Summary of Betye Saar
A cherished exploration of objects and the way we use them to provide context, connection, validation, meaning, and documentation within our personal and universal realities, marks all of Betye Saar's work. As an African-American woman, she was ahead of her time when she became part of a largely man's club of new assemblage artists in the 1960s. Since then, her work, mostly consisting of sculpturally-combined collages of found items, has come to represent a bridge spanning the past, present, and future; an arc that paves a glimpse of what it has meant for the artist to be black, female, spiritual, and part of a world ever-evolving through its technologies to find itself heavily informed by global influences. This kaleidoscopic investigation into contemporary identity resonates throughout her entire career, one in which her work is now duly enveloped by the same realm of historical artifacts that sparked her original foray into art. Over time, Saar's work has come to represent, via a symbolically rich visual language, a decades' long expedition through the environmental, cultural, political, racial, and economic concerns of her lifetime.
Accomplishments
- Saar's explorations into both her own racial identity, as well as the collective Black identity, was a key motif in her art. Her contributions to the burgeoning Black Arts Movement encompassed the use of stereotypical "Black" objects and images from popular culture to spotlight the tendrils of American racism as well as the presentation of spiritual and indigenous artifacts from other "Black" cultures to reflect the inner resonances we find when exploring fellow community.
- Similarly, Saar's experience as a woman in the burgeoning Feminist movement also showed up largely in her art: items such as washboards, ironing boards, clothing, or other tokens of domesticity appear as odes to women's work, refigured as representations of the creative female voice, bursting from its confines.

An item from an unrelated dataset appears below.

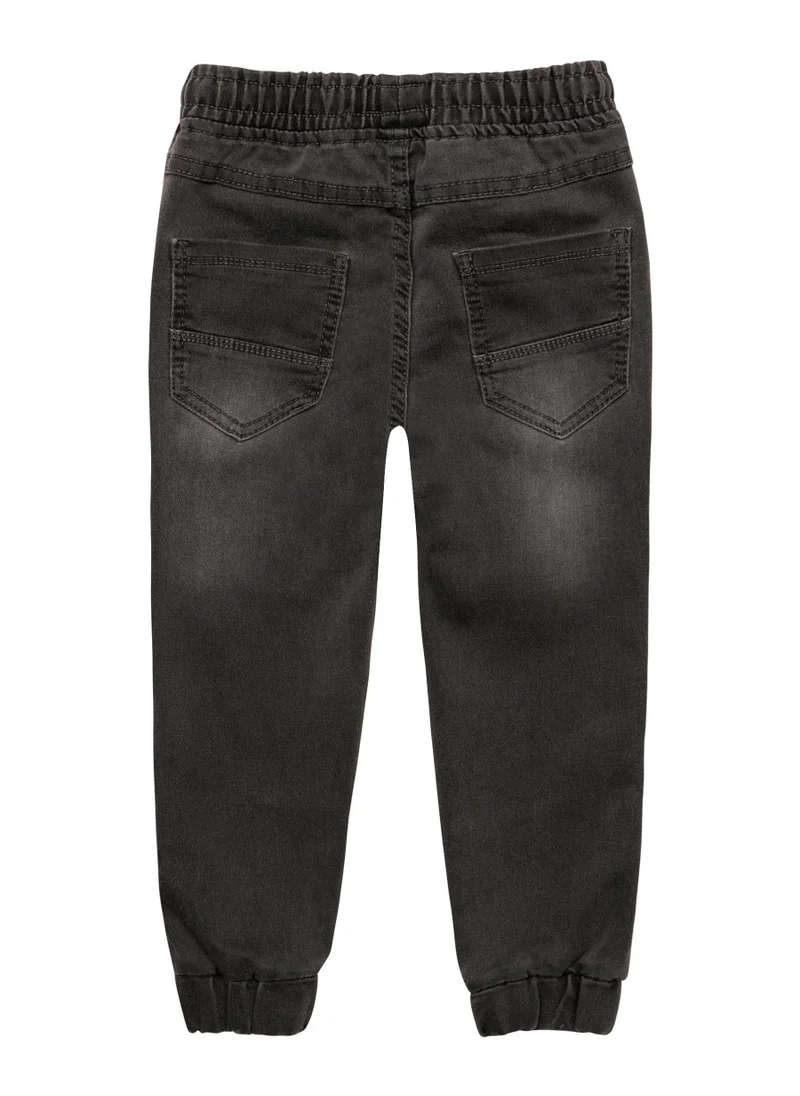 MINOTI Kids Boys  Knitted Denim Jean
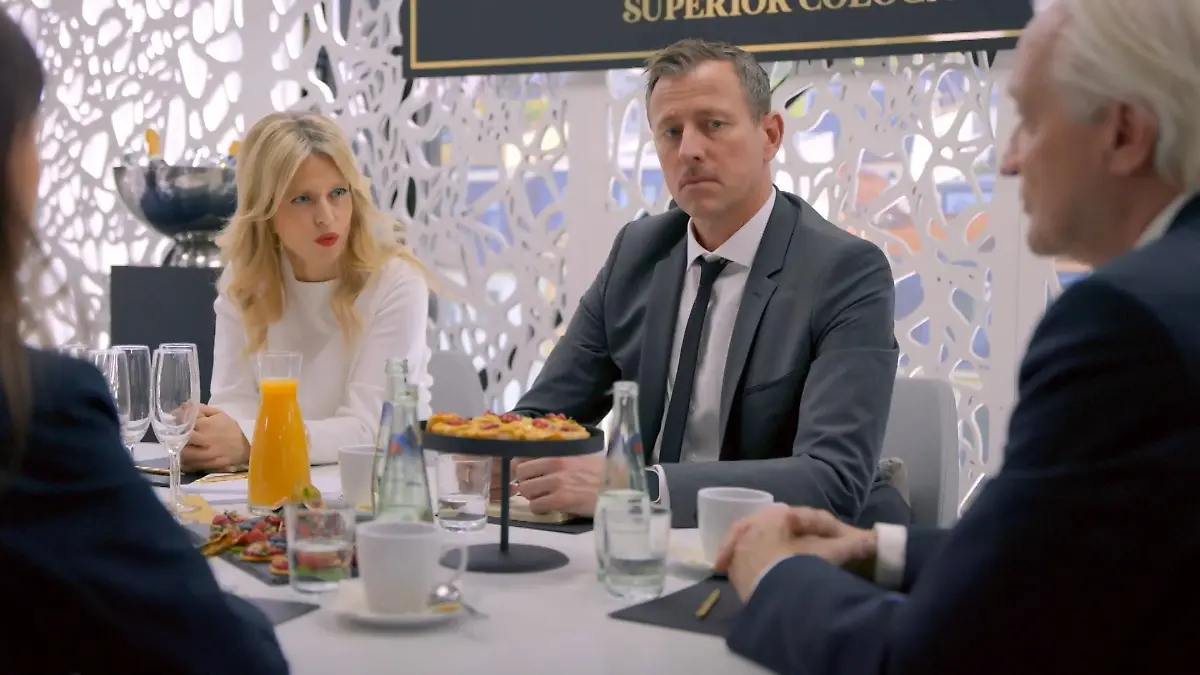 Patrizia versucht, auf Gottfried einzuwirken „Unter uns“-Folge vom 02.03.26 auf RTL+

- Spirituality plays a central role in Saar's art, particularly its branches that veer on the edge of magical and alchemical practices, like much of what is seen historically in the African and Oceanic religion lineages. A vast collector of totems, "mojos," amulets, pendants, and other devotional items, Saar's interest in these small treasures, and the meanings affixed to them, continues to provide inspiration.
- Saar's work is marked by a voracious, underlying curiosity toward the mystical and how its perpetual, invisible presence in our lives has a hand in forming our reality. She says, "It may not be possible to convey to someone else the mysterious transforming gifts by which dreams, memory, and experience become art. But I like to think I can try."
Biography of Betye Saar
Betye Irene Saar was born to middle-class parents Jefferson Maze Brown and Beatrice Lillian Parson (a seamstress), who had met each other while studying at the University of California, Los Angeles. She is of mixed African-American, Irish, and Native American descent, and had no extended family.